Ecclestone steht in München vor demselben Richter wie damals schon Gribkowsky. In seiner Urteilsbegründung gegen den Banker sagte Richter Peter Noll damals, Ecclestone sei die treibende Kraft gewesen und habe Gribkowsky mit "Charme und Raffinesse ins Verbrechen" geführt.

Ecclestone will sich endlich wieder auf den Job konzentrieren

Ecclestone gibt sich dennoch eher genervt als besorgt vor dem anstehenden Prozess, der zunächst bis Mitte September angesetzt ist. "Das Ganze ist doch nur ein sehr, sehr kleiner Teil meines Lebens, es sollte eigentlich keine Rolle spielen. Aber im Moment kostet es mich viel Zeit", sagte der 83-Jährige kürzlich in einem ARD-Interview. Seine Verteidiger wollen nach SPIEGEL-Informationen Gribkowskys Glaubwürdigkeit erschüttern und während des Prozesses offenbar Zeugen benennen, die Ecclestones Version belegen sollen.

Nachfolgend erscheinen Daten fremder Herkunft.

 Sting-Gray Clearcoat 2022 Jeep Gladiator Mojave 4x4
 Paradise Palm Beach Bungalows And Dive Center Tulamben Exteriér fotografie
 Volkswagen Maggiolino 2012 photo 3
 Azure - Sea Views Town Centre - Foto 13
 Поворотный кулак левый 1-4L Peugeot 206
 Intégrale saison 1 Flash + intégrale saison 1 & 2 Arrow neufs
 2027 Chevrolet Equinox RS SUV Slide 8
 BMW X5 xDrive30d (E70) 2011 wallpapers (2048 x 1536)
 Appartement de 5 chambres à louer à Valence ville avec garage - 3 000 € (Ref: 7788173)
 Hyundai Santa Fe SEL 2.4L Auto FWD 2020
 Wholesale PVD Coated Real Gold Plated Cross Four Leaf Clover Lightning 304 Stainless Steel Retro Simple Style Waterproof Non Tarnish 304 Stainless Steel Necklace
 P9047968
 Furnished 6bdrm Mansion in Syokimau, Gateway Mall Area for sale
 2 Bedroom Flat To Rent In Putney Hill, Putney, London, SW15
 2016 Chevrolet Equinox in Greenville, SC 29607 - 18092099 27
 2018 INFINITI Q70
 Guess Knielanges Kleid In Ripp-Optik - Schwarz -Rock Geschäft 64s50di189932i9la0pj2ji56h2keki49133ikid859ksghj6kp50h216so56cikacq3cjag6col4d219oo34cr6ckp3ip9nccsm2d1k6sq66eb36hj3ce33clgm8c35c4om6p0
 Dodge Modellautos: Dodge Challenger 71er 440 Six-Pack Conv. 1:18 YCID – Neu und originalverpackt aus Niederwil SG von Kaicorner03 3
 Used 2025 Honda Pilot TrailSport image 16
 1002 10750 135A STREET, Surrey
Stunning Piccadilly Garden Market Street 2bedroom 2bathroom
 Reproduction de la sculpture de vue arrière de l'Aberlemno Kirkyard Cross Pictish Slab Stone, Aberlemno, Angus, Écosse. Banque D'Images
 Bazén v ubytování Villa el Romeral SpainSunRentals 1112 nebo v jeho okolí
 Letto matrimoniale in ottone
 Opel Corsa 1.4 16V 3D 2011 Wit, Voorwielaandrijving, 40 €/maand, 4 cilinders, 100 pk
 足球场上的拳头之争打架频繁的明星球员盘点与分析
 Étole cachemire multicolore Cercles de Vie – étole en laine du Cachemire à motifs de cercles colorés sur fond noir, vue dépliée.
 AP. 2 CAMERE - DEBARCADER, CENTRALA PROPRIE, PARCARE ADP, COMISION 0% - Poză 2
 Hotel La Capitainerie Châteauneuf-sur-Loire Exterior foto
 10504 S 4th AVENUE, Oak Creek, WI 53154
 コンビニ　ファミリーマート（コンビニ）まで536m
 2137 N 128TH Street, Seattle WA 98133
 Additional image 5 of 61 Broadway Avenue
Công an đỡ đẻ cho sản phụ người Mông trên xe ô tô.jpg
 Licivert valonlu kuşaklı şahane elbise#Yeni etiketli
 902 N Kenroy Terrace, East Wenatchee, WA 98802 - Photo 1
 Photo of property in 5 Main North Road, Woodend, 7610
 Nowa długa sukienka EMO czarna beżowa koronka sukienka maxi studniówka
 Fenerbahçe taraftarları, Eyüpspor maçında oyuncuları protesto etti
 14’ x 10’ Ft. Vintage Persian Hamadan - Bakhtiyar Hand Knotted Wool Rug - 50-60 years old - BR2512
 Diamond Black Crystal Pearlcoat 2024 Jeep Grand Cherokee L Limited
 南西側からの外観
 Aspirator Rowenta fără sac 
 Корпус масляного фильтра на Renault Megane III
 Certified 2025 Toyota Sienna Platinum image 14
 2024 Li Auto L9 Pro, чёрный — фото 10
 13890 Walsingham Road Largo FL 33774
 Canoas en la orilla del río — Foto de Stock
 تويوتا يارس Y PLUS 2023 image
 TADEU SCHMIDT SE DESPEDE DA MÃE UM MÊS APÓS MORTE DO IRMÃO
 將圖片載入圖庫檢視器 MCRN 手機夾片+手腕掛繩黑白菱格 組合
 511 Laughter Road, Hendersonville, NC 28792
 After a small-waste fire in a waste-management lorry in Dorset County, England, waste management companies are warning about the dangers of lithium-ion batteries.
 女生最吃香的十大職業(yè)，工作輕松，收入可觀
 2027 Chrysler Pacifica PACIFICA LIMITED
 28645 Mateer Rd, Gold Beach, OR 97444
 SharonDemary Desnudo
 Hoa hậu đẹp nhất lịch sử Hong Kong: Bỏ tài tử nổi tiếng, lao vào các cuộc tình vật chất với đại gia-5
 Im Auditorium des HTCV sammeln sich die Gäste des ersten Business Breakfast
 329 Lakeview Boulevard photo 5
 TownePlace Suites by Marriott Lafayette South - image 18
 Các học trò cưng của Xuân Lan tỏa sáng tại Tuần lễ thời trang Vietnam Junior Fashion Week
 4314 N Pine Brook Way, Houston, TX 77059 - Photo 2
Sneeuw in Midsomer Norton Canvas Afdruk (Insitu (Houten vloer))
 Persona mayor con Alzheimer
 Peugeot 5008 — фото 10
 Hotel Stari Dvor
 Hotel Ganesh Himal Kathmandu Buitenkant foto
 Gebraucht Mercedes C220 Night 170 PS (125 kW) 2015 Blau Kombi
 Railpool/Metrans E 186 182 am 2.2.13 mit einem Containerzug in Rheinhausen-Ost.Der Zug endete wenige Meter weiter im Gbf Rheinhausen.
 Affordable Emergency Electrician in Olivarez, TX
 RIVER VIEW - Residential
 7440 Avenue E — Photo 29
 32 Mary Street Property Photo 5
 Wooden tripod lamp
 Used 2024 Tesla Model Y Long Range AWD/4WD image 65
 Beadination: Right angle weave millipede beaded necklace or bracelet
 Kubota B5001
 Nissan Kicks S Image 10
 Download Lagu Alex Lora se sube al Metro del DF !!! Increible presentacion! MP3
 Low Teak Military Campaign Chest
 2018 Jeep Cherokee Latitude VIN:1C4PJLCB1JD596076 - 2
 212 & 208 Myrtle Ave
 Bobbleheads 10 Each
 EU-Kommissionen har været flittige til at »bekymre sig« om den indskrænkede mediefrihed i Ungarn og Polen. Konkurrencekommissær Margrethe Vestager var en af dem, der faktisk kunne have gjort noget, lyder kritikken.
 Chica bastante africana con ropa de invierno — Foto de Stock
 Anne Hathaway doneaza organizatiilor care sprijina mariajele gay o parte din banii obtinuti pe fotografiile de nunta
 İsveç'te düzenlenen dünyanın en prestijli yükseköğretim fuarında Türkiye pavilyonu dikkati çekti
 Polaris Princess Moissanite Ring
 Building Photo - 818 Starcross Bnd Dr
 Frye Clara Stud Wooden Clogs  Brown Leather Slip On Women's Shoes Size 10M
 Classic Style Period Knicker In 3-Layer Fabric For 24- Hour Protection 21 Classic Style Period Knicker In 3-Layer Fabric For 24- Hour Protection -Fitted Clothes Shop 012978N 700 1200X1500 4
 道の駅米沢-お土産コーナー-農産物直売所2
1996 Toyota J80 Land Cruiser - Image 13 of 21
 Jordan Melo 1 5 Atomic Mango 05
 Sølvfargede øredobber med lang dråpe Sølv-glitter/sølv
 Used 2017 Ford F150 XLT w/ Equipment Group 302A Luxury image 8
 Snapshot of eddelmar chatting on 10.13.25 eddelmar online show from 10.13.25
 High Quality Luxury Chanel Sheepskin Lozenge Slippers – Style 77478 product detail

In der Formel 1 macht man sich bereits Gedanken über die Zeit nach dem Alleinherrscher. "Nach Ecclestone wird es, vermute ich, ein Management-Team mit unterschiedlichen Kompetenzen geben. Das wird ein ganz normales Management-Board sein wie in jedem anderen Großunternehmen", sagte Mercedes-Motorsport-Teamchef Toto Wolff "Handelsblatt Live".

Doch Ecclestone denkt offenbar gar nicht an einen Rückzug aus der Formel 1. "Ich hoffe, dieser Prozess wird das alles klarstellen, dass ich dann endlich mit meinem Job weitermachen kann", sagte er kürzlich. Und wenn er doch verurteilt wird und ins Gefängnis muss? Dazu sagte Ecclestone: "Ich glaube nicht, dass es mir dort gefällt. Aber irgendwie muss man mit allem klarkommen."